Six decades of expansion 1951 – Six countries establish the European Coal and Steel Community: Belgium, Germany, France, Italy, Luxembourg and the Netherlands 1957 – The same six countries establish the European Economic Community, a forerunner of the EU 1973 – First enlargement: Britain, Ireland and Denmark join 1981 – Greece joins, seven years after the overthrow of military regime 1986 – Spain and Portugal join 1989 – Collapse of the Iron Curtain 1995 – Austria, Finland and Sweden join 2004 – The EU’s biggest enlargement and its first involving former Soviet satellite states. Ten countries join: Poland, Hungary, Czech Republic, Slovakia, Slovenia, Estonia, Latvia, Lithuania, Cyprus and Malta 2007 – Bulgaria and Romania join 2013 – Croatia becomes a member, the second from the former Yugoslavia 2016 – Britain votes to leaves to leave the EU
Membership talks are officially open with five countries: Albania, the former Yugoslav Republic of Macedonia, Montenegro, Serbia and Turkey.

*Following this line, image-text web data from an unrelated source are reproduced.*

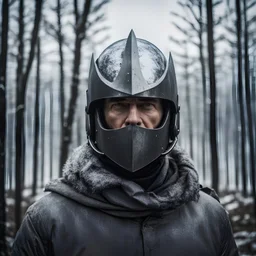 head photo of a man wearing an iron knight helmet, full face cover, extreme cold stormy and windy weather, cold forest tundra, cinematic and dramatic photo
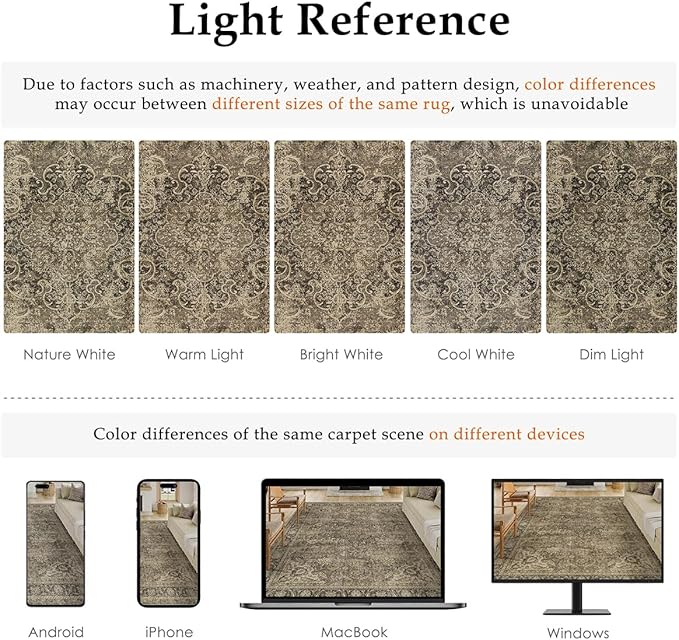 10x12 Brown Vintage Area Rug for Living Room Bedroom Large Traditional Low Pile Soft Carpet Non-Slip Thin Retro Distressed Accent Washable Throw Rug for Dining Room Office Kitchen Indoor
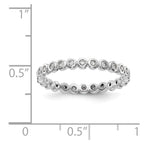 14k White Gold Polished 1/3ct Bezel Set Diamond Eternity Band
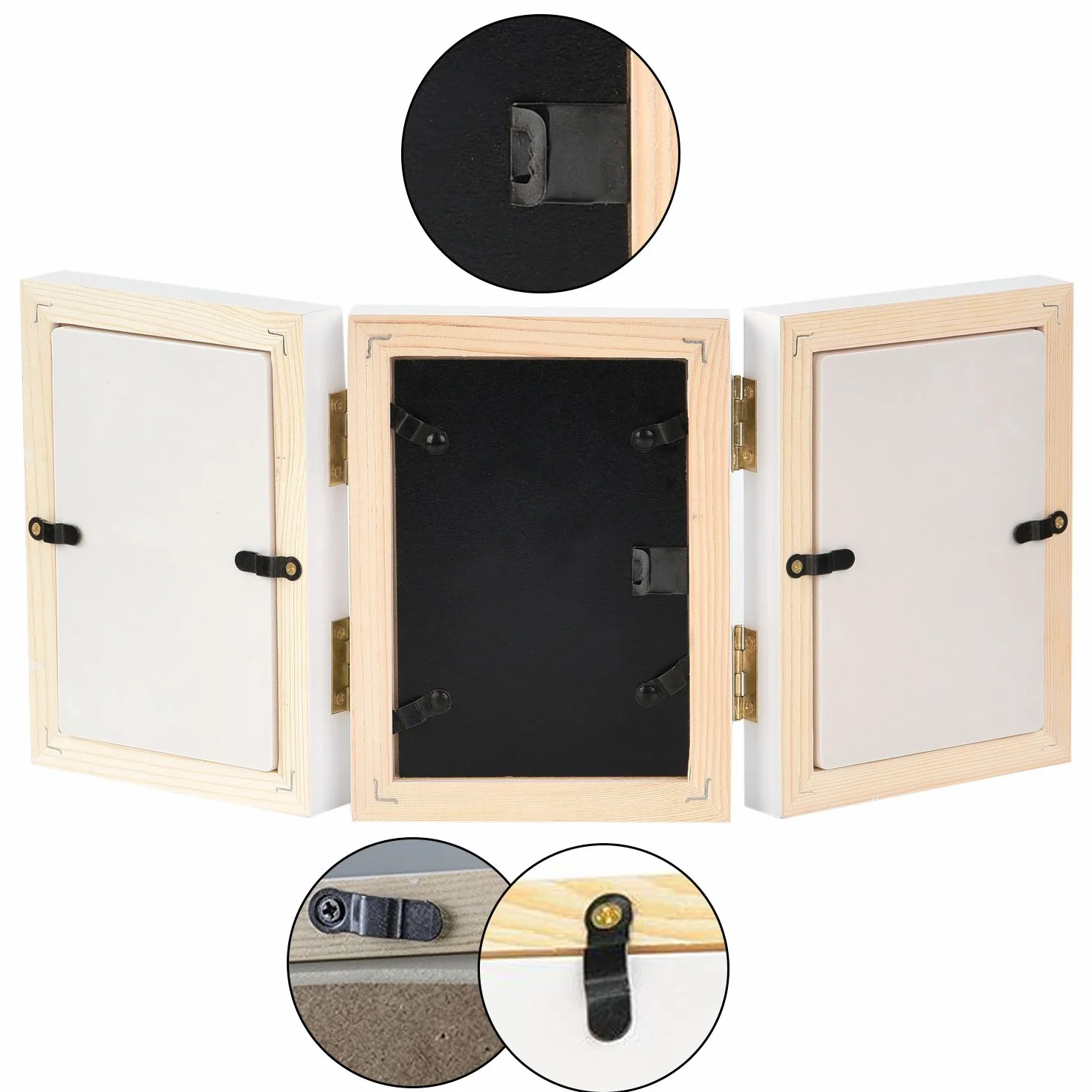 Empreinte de La Main Cadre Photo Kit pour Garçons Cadeau de Douche de Bébé 3 Parties Blanc
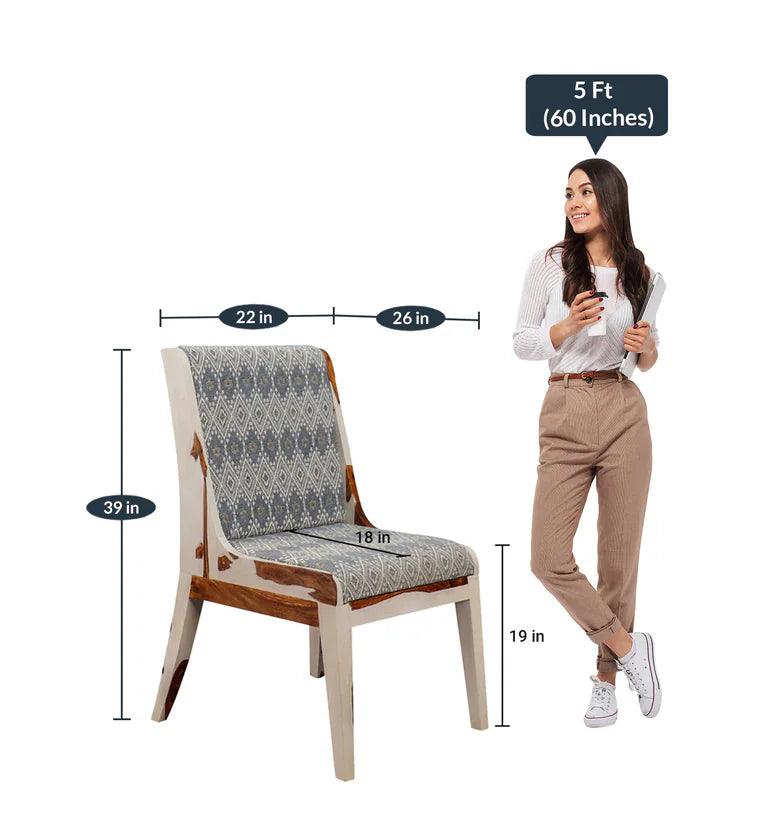 Sheesham Wood 4 Seater Dining Set in Vintage White & Teak Finish - Ouch Cart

Ankara’s membership bid has been under way since 2005. It has long been recognised that the accession talks are going nowhere, even before a failed military coup that led President Recep Tayyip Erdogan to purge tens of thousands of alleged plotters from the military and civil service. Yet the discussions are still officially open, reflecting a wish to keep Ankara onside lest Mr Erdogan repudiates the deal between the EU and Turkey that has helped to stem the flow of migrants over the Mediterranean.
“The EU and Turkey are stuck in this very unsatisfactory marriage of convenience even though the fundamental conditions for making a success of it have long since disappeared,” said Sir Michael Leigh of the German Marshall Fund, former director-general for enlargement at the European Commission. “The logical consequence would be to suspend the process.”
Who could join next? Albania, the former Yugoslav Republic of Macedonia, Montenegro, Serbia and Turkey are official candidate countries. Bosnia and Herzegovina, as well as Kosovo, are potential candidates, while the Turkish Cypriot part of Cyprus would probably join if a deal to reunite the island is achieved. Cyprus is already a member
To date, only Austria has called for an outright halt to membership talks with Turkey. But Sigmar Gabriel, German foreign minister, recently said the most Ankara can hope for is some kind of a “privileged partnership” with the EU.
In the western Balkans, where EU concern over Russian and Turkish influence has been growing, European leaders are trying to regain the political initiative, reaffirming unequivocal support for the region’s “European perspective”. But this is a long-term play even for Montenegro, the most advanced of the candidate countries, which is grappling with increasing interference by Moscow. Russia has been accused of fomenting a failed coup in the country last year.
The worry is that the lack of an explicit EU membership prospect is itself a source of instability. “By demonstrating that you are not willing to commit to that goal, that obviously has repercussions in the countries themselves,” said Daniela Schwarzer of the German Council on Foreign Relations.
By the EU’s reckoning it will be well into the 2020s before any other country joins the club. The door may officially be open — but the wait in the antechamber is likely to be long and painful.